(Source records)
[Start of section]

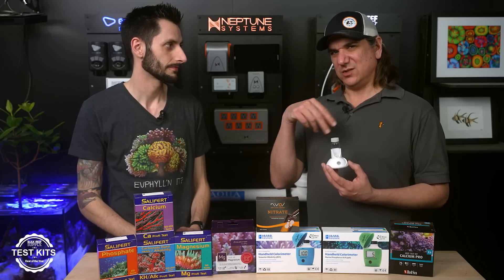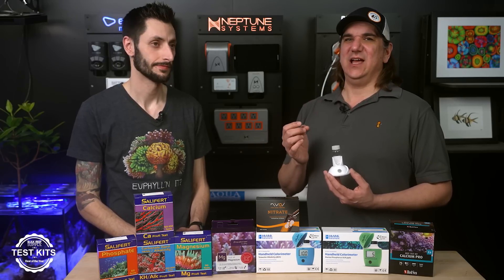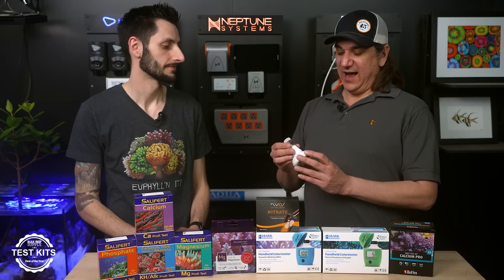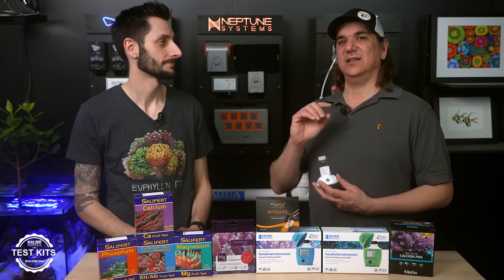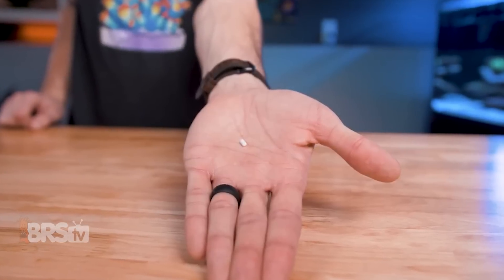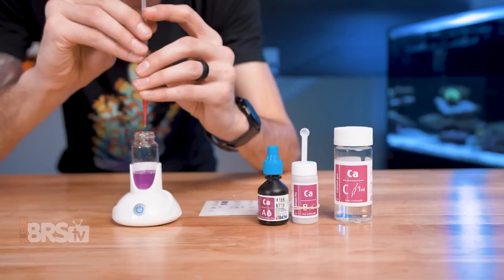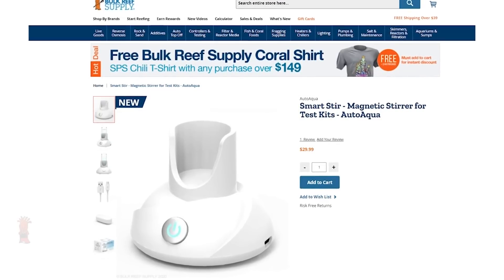This makes the color change super fast and makes focusing on titrating the right amount way easier — you'll do your tests so much faster. The reason titration kits change color is because there's a pH dye in there: when it hits a certain pH, it indicates you've turned enough of the solution from base to acid or vice versa. What you often see is it changes color for a second and changes back, because locally on the outside it turned pink but the inside is still blue. With the Smart Stir's bead mixing everything thoroughly, the moment it changes color, you know that's the right move.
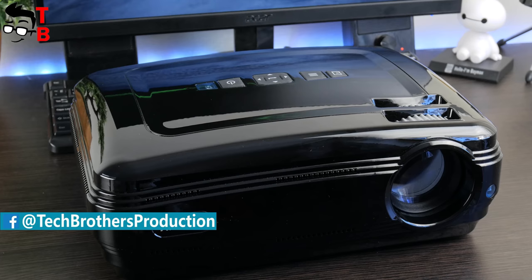Hey, what's up! This is Tech Brothers. Today we have unboxing and full review of AlphaWise X.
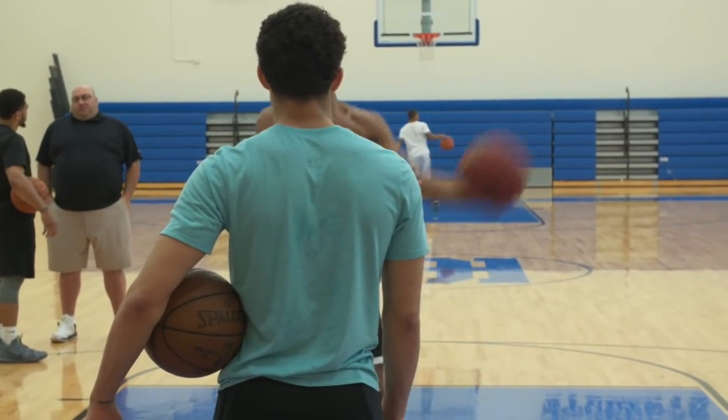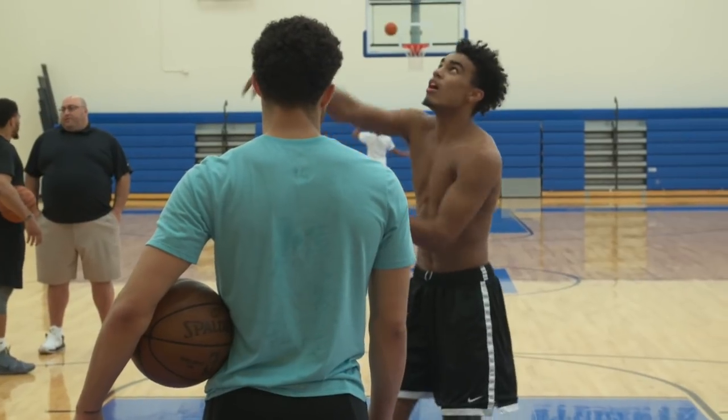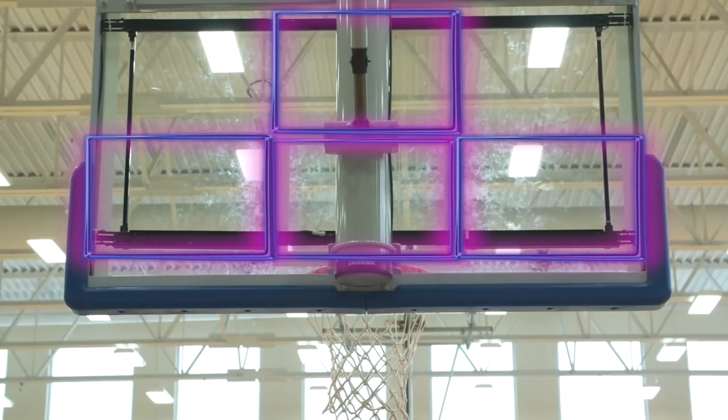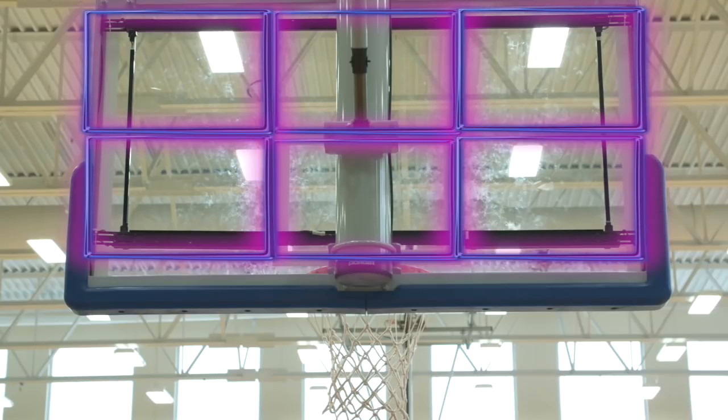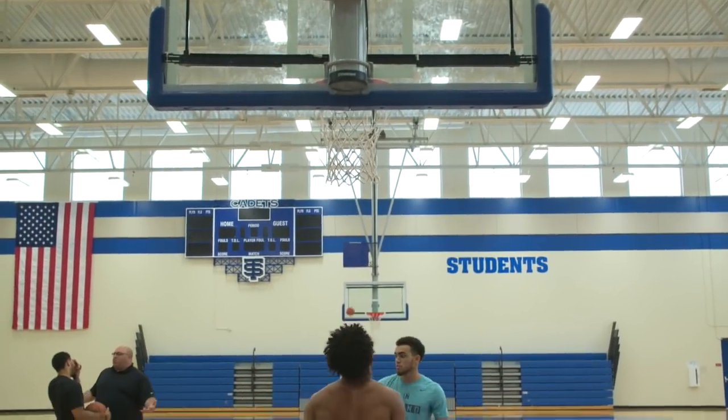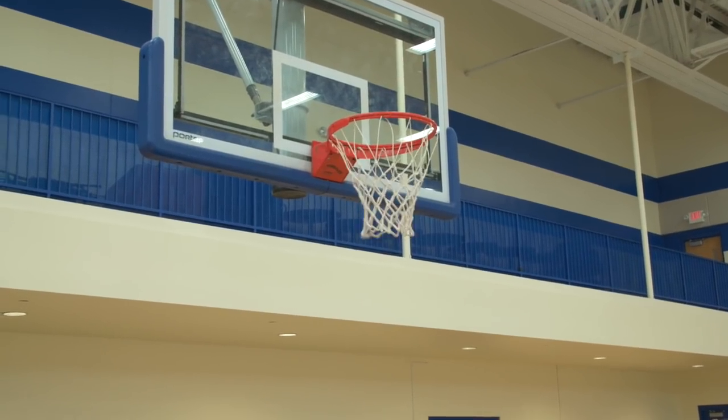We go with the Mikan drill but having to hit specific spots on the backboard. We'll go inside that square that you can see — the painted one — and then we'll go off the top middle square, off the bottom outside squares, off the top outside, facing different directions. We kind of do that at the beginning of every workout, just getting comfortable putting the ball off the backboard.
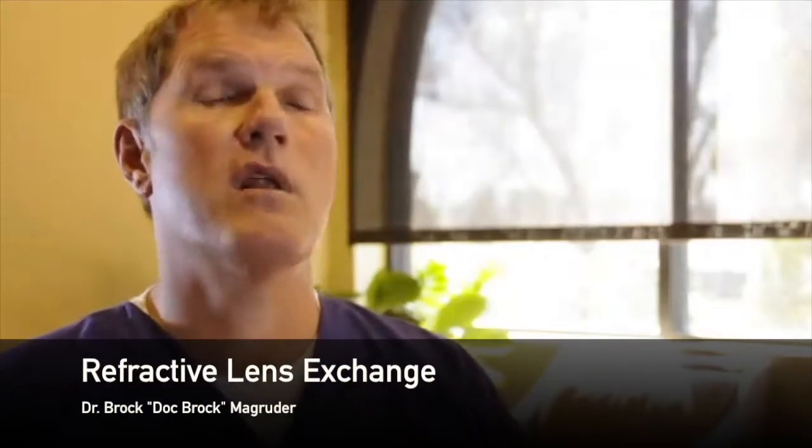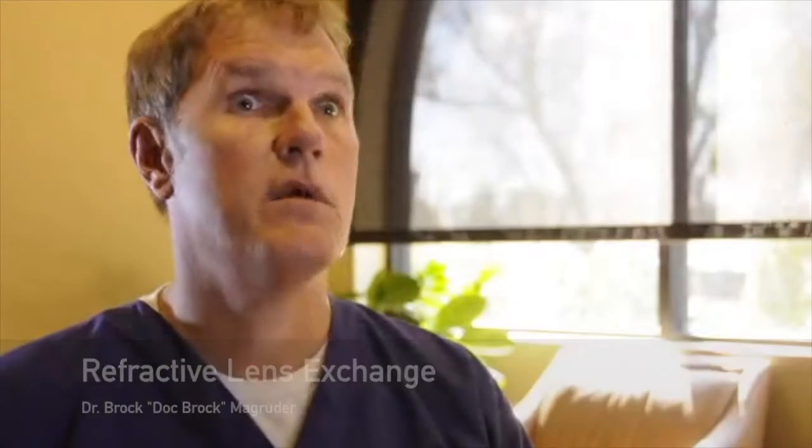Refractive lens exchange is a replacement in which we use a laser and man-made lens implants to replace the aging and failing natural lens. At its most extreme, we call it refractive cataract surgery.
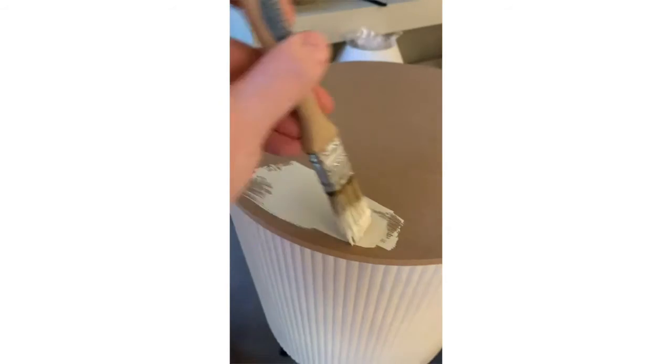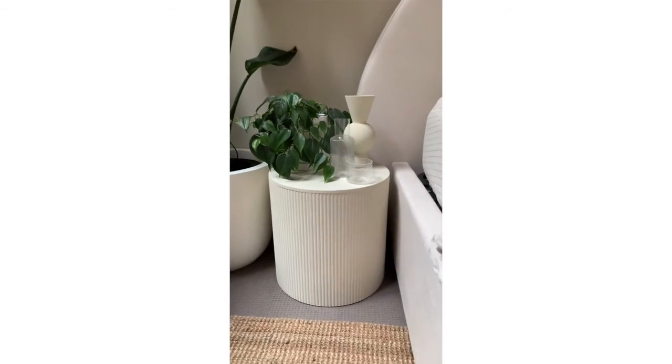You remove the fabric and the foam off the lid, paint it up, and then you have an amazing looking bedside table. I did a pair and it only cost $30.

[End of section]

* **THE TASK**:
This task calls for the lines from the line holding "Refractive lens exchange" through the last line above, restated word for word with both ends included and the pictures dropped.

* **OUTPUT**:
Refractive lens exchange is a replacement in which we use a laser and man-made lens implants to replace the aging and failing natural lens. At its most extreme, we call it refractive cataract surgery.
You remove the fabric and the foam off the lid, paint it up, and then you have an amazing looking bedside table. I did a pair and it only cost $30.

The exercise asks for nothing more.